13 August 2010

restrepo

Soldiers are living and fighting and dying at remote outposts in Afghanistan in conditions that few Americans back home can imagine. Their experiences are important to understand, regardless of one’s political beliefs. Beliefs can be a way to avoid looking at reality. This is reality. — directors Tim Hetherington and Sebastian Junger, Restrepo press notes

Restrepo is a harrowing account of the war in Afghanistan, particularly for an audience that has been raised to view war-time violence as entertainment. We get the sense that the soldiers themselves have taken that mentality with them. They play first-person shooters before going out on patrol; they talk about graphic video-games as a boy's rite of passage. At the beginning, it seems like they view the war that way. Restrepo shows that that mentality is useless.Press photo from Restrepothemovie.com

The wearying effect that their deployment has had on the troops who were at O.P. Restrepo is obvious. After the fact, they are unable to put into words the experiences of their 15-month tour. Coping with it has been difficult. It hasn't been like this since WWII or Vietnam, one soldier says; the Army doesn't know how to treat us. At the end, they are just ready to go home. There is the sense that the whole thing has been an exercise in futility. The victory has not been won; end title cards tell us that the U.S. pulled out of the Korangal in April 2010.

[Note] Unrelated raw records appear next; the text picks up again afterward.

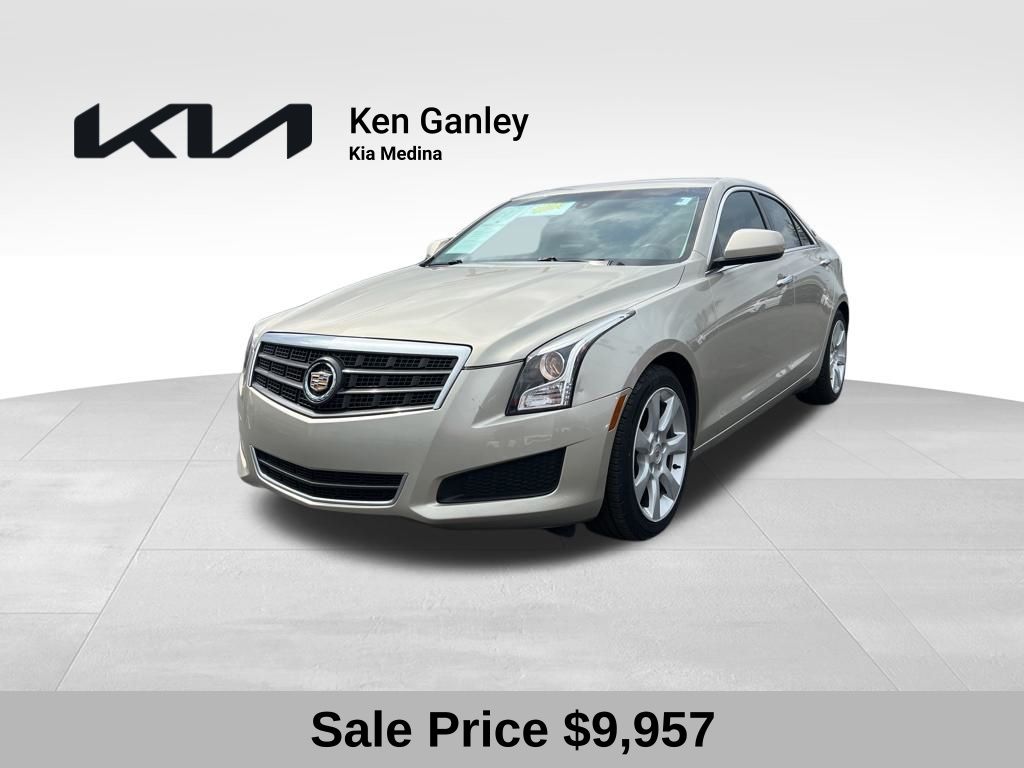 Silver Coast Metallic 2013 Cadillac ATS 2.5L RWD Sedan Rear-Wheel Drive 6-Speed Automatic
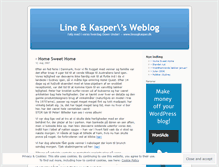 Tablet Screenshot of lineogkasper.wordpress.com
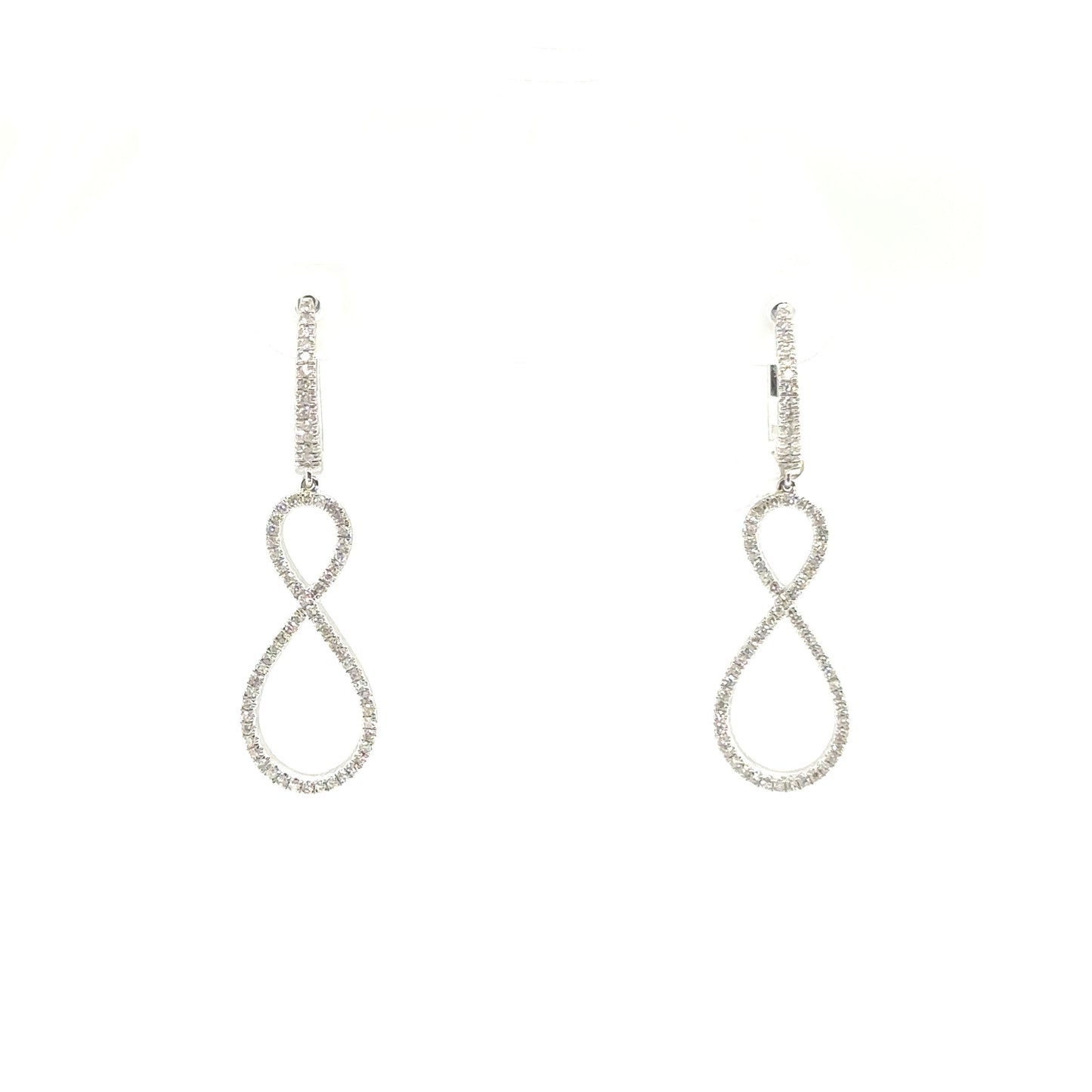 Diamond Intertwined Earrings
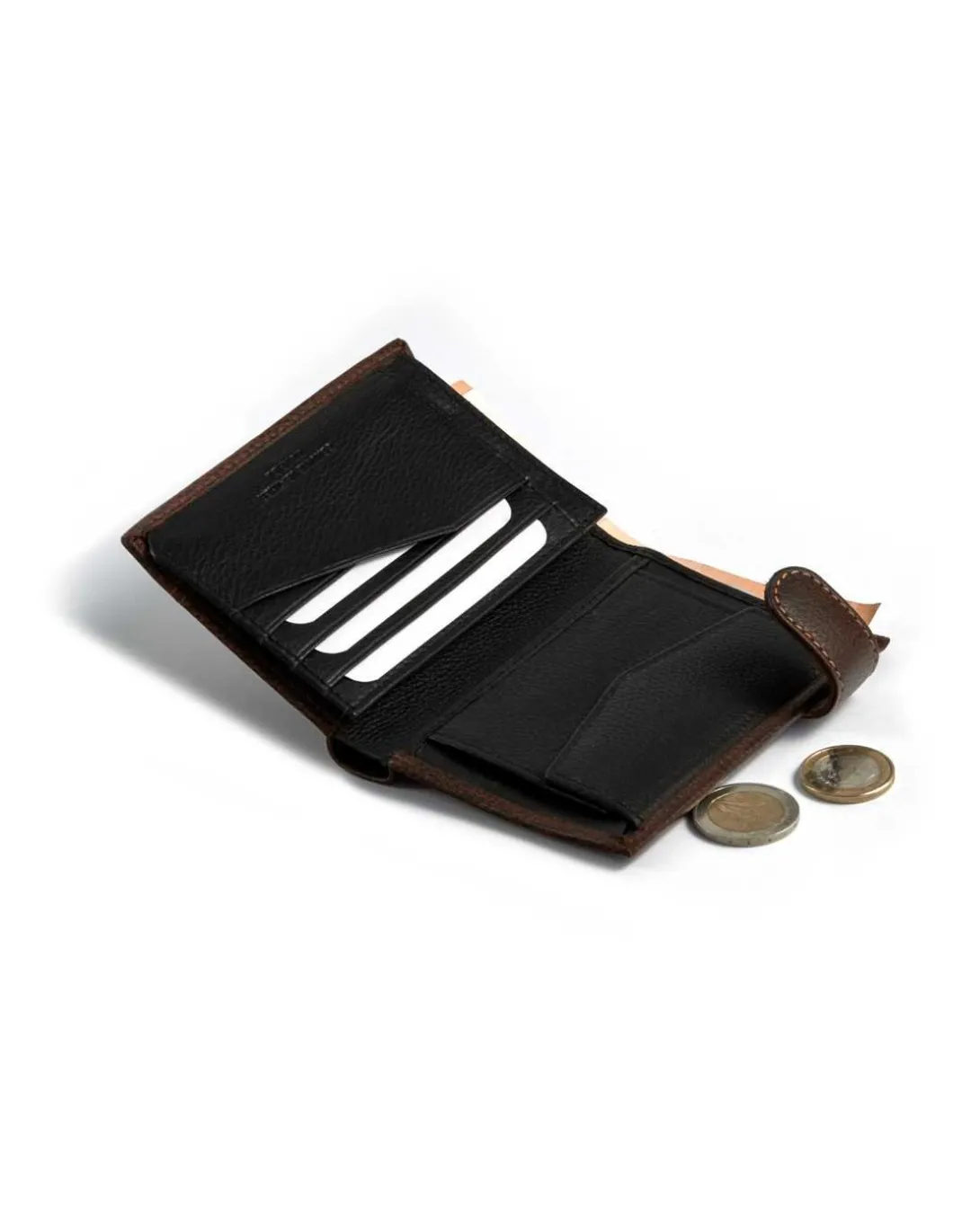 MONPIEL Cartera con broche y Monedero Interior Dos Tonos*Hombre Carteras Hombre Piel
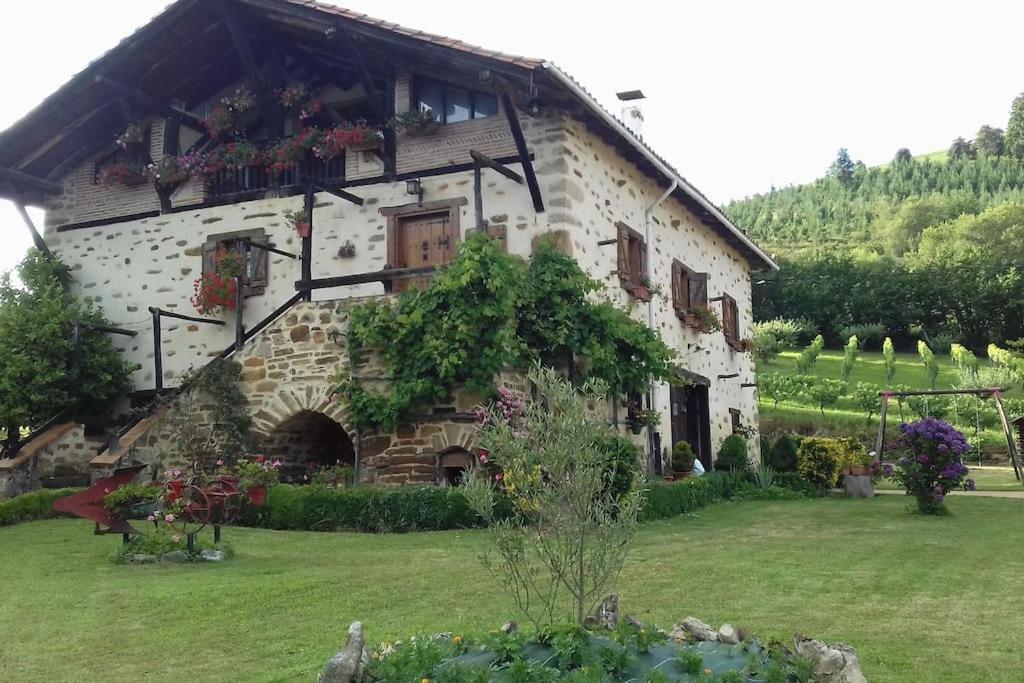Caserio Vasco Con Piscina Y Barbacoa Orozko 외부 사진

Restrepo is not an anti-war film. It is not blatantly condemning the U.S. military-industrial complex the way Why We Fight did. It is not disrespectful to the armed forces; rather, in some ways it heightens our respect for them, because they are willing to undergo these conditions. It gives us an unblinking look into the lives of ordinary soldiers, at what they are facing day-to-day. These are real-life challenges; these are the real-life effects the war is having on our soldiers. According to the synopsis given in the press notes,

This is an entirely experiential film: the cameras never leave the valley; there are no interviews with generals or diplomats. The only goal is to make viewers feel as if they have just been through a 94-minute deployment. This is war, full stop. The conclusions are up to you.

Restrepo has been called an apolitical film by its directors. The viewer should draw his own conclusions, they say. But Restrepo does make a powerful statement, intended or not: we don't understand what type of war we're fighting. We understand that the enemy, the "bad guys," are fighting for religious ideals, but we don't know how to counter that. The film drives that home powerfully as it shows the U.S. forces offering the people of the Korangal money, jobs, roads -- "progress," in the material sense. But our idea of "progress" is foreign to these people. They are fighting a religious war. Those who are not fighting have deep ties to those who are. Westernized "progress" is meaningless to them. That doesn't mean they won't take money or handouts, but money and handouts do not change the beliefs and ideals that are ingrained into them.

The reality of the war in the Middle East is unavoidably complex, even if you try to leave politics out of it. Restrepo shows that remarkably well; in fact, it does the best job of just about any modern war film in showing that. The Hurt Locker was excellent, but Restrepo is exceptional. It's not fiction. It feels raw and visceral. It feels like you are there. Consequently, the statement it makes is much more powerful.

Restrepo is rated R for language throughout, and descriptions of violence. It is never tastelessly graphic, but it is still intense — as it should be.

1 comments:

  1. "We understand that the enemy, the 'bad guys,' are fighting for religious ideals, but we don't know how to counter that."

    I would say it is because, sadly, as a country we have no religious beliefs to offer them. They can see through our empty materialism.